Manu is a lead engineer and Ray chief scientist at the Center for Integrated Intelligence Systems at the Mitre Corp. They can be contacted at manuk@mitre.org and rdamore@mitre.org, respectively.


For most users, searches on the Web begin with a query to one or more search engines. However, with the size of the Web growing at a rate of nearly a million pages a day, it is increasingly difficult for general-purpose search engines such as Google (http://www.google.com/), Fast (http://www.alltheweb.com/), and Inktomi (http://www.inktomi.com/) to keep up with the flow of information by indexing the entire Web. The limits imposed by search engines restrict access to a small fraction of the number of hits for a query. And while these can provide effective access to information in highly specific topic areas, they are limited in their ability to provide coverage on broad or rapidly changing issues for a number of reasons, including:

  • Current search engines are most often engineered to support broad user populations and have designed web crawlers (spiders) that collect pages based on web site popularity, collection cost, or other economic criteria.
  • Broad queries can generate many thousands of hits.

  • The ranking algorithm of most search engines is proprietary and the user has no control over the order of hits.

  • Search engines usually lag the Web by a period based on the frequency of the spider's visit to a site. This period could range from a day to three months. (For example, to estimate the period between visits to a site on Google, try the query "cache:www.cnn.com" — new links are not usually indexed at the time of a query.)

  • Search engines retain a percentage of dead links in the index.

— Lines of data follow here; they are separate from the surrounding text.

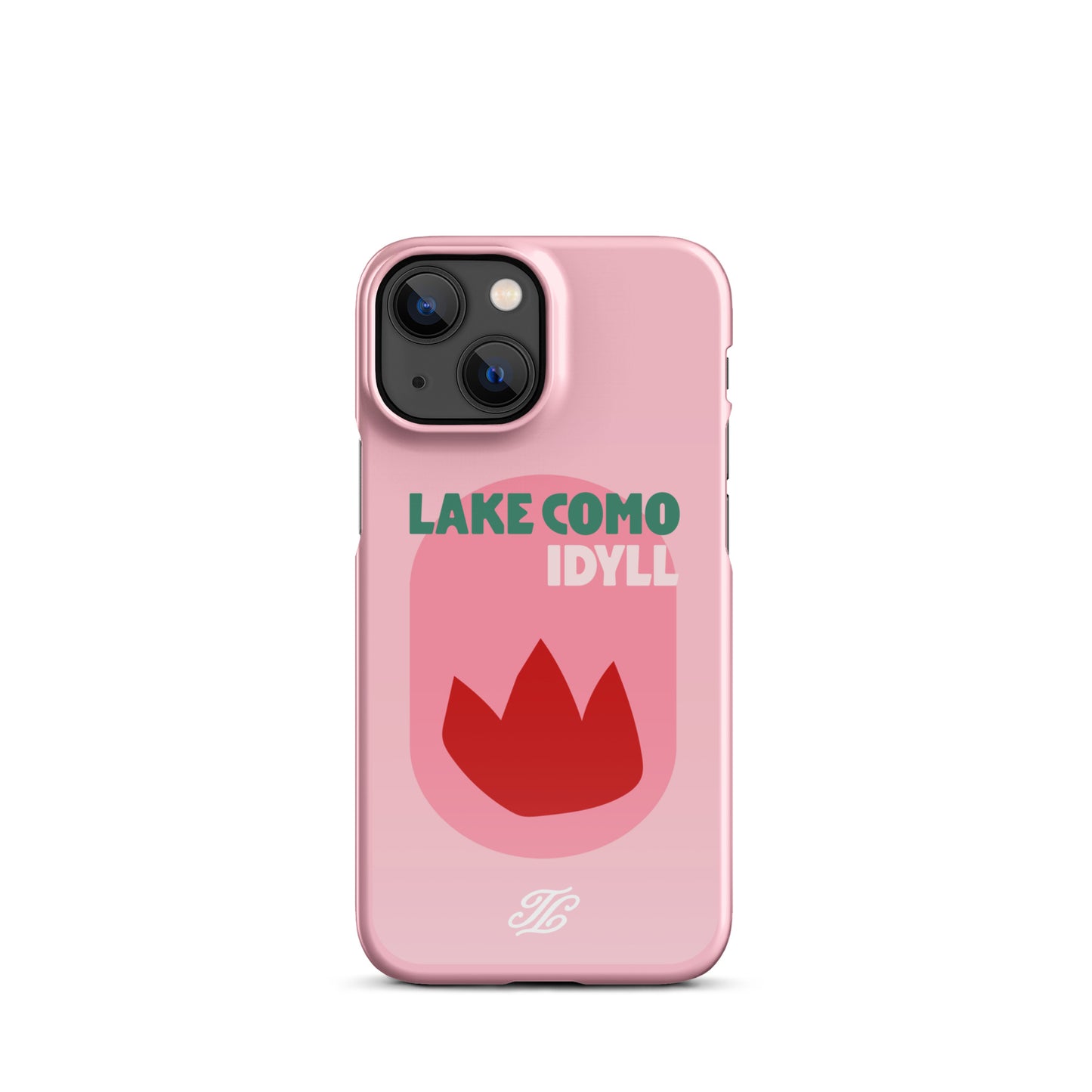 Lake Como Italy iPhone® case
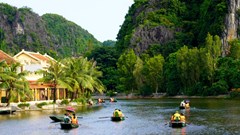 Ninh Bình: Biến nguồn lực văn hóa thành thương hiệu phát triển tầm khu vực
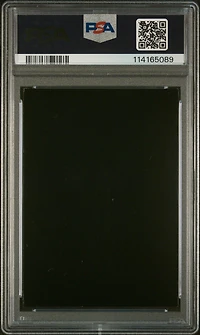 1993 Marvel Universe 3-d Holograms H-iv Spider-man Vs. Venom PSA 8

In essence, search engine limitations have the effect of restricting access to a small subset of the relevant information on the Web and provide only a starting set of pages, leaving it to users to manually traverse and locate other relevant pages not provided by the search. We assume that the most relevant pages on the Web are accessible from a small collection of relevant pages; however, it is possible for relevant pages not to be linked to any page on the Web, making it inaccessible to any crawler. However, most relevant pages will have at least one or more links from other pages.

With that in mind, we'll present in this article a smart spider that crawls the Web, locating links of interest based on topic keywords. Rather than indexing and collecting all accessible web documents, our approach relies on a small group of URLs initially chosen by users to expand the search. It then exploits links inserted by authors of web pages and ignores navigational links in a page. We assign higher importance to links across sites. When authors add a link to a page in another site, it is usually an implicit endorsement of the linked page. The smart spider follows these links and extracts the associated text. Irrelevant pages are ignored in the crawl, limiting the crawl to a small, but relevant, area of the Web; see Figure 1. Links from relevant pages (green circles) are traversed. By intelligently pruning the web tree, the smart spider can follow paths up to 10-12 links away from an initial set of pages without collecting millions of documents and overwhelming the system.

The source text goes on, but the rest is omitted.